Jacinto Ñancufil también guarda un preciso recuerdo de ese día. Jacinto es el actual lonco —jefe, en su lengua—, de la comunidad mapuche de Carmen de Patagones. Tiene el mismo apellido totémico que Dominga y en su porte se adivina el linaje que los une. Sentado a la mesa del comedor de su humilde casa, en el que abundan amarillentos cuadros con la figura de ese extraño santo católico de origen mapuche que es Ceferino Namuncurá, junto a fotos de una familia infinita, Jacinto recuerda que “lo de Arturo fue muy bueno porque creyó en Dominga, muy pocos profesionales creen que nosotros podemos recuperar un enfermo”. Después de dejar a César C. en una habitación a solas con la machi, el psiquiatra y la enfermera que lo llevaron hasta allí se quedaron a esperarlo, sentados en el coche. No había pasado ni una hora cuando César apareció “por la puerta del frente de la casa seguido de Dominga y diciéndome: ‘Bueno, doctor, ya estoy mejor. Voy a comenzar a comer y a tomar los remedios que usted me quiere dar porque estoy muy débil. Qué malos momentos les hice pasar, deben disculparme’ ”.

“Todo esto nos modificó nuestros esquemas —cuenta Philip—. En un primer momento pensamos que nos habíamos equivocado con el diagnóstico del paciente, pero luego lo confirmamos”.

Silvia Ocampo también es psiquiatra y actualmente dirige el Hospital General de Patagones. En aquella época se encontraba haciendo las prácticas bajo la dirección de Arturo Philip. “Yo venía de trabajar en el Melchor Romero —afirma— y si alguien venía y me decía que tenía un daño lo medicábamos como si estuviera alucinando. Aquí me di cuenta de que se trataba de una cuestión cultural, algo diferente”.

“Cuando vi ese resultado comprendí que no podía quedarme quieto”, sostiene Arturo Philip y los ojos se le van iluminando con los recuerdos. “Mi curiosidad médica me llevó acercarme a Dominga y pedirle permiso para aprender de ella”. Pero la machi pensaba más en un intercambio que en tener un aprendiz, así que finalmente “hicimos una alianza, no hubo un maestro y un discípulo. Entonces nos pusimos a trabajar juntos en resolver patologías, sobre todo de gente de su raza. Dominga nos estaba abriendo la puerta al mundo oculto de América, de la América profunda, pero eso lo íbamos a descubrir después”.

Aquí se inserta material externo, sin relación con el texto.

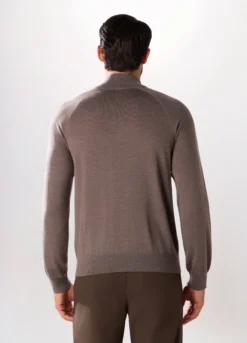 Cardigan con zip in lana merino uomo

A pesar de que por respeto nadie quiso preguntarle a César qué había sucedido en aquella habitación con la machi, los médicos del hospital pudieron oír luego cómo les contaba el episodio a sus compañeros de habitación. Arturo Philip recrea el relato en su libro: “Cuando el doctor me dejó solo con doña Dominga, ella se me vino encima y me dio un empujón que me tiró al piso. Yo no me asusté ni nada, pero estaba tan débil que no podía moverme, así que me quedé tirado mientras la machi empezó a dar vueltas alrededor. Daba vueltas y vueltas, y cantaba bajito. Yo empecé a marearme, a ver todo nublado, y entonces ella se me acercó y me metió la mano en el estómago. Me metió la mano y todo el brazo adentro. Yo sentía como me revolvía las tripas. Sentí un gran dolor, creí que me iba a desmayar. Entonces ella agarró algo que estaba muy prendido en todo mi cuerpo y empezó a tirar para afuera. Hasta que sacó una serpiente, estaba viva dentro de mi cuerpo. Después la machi me mostró cómo le aplastaba la cabeza con una piedra contra el piso”.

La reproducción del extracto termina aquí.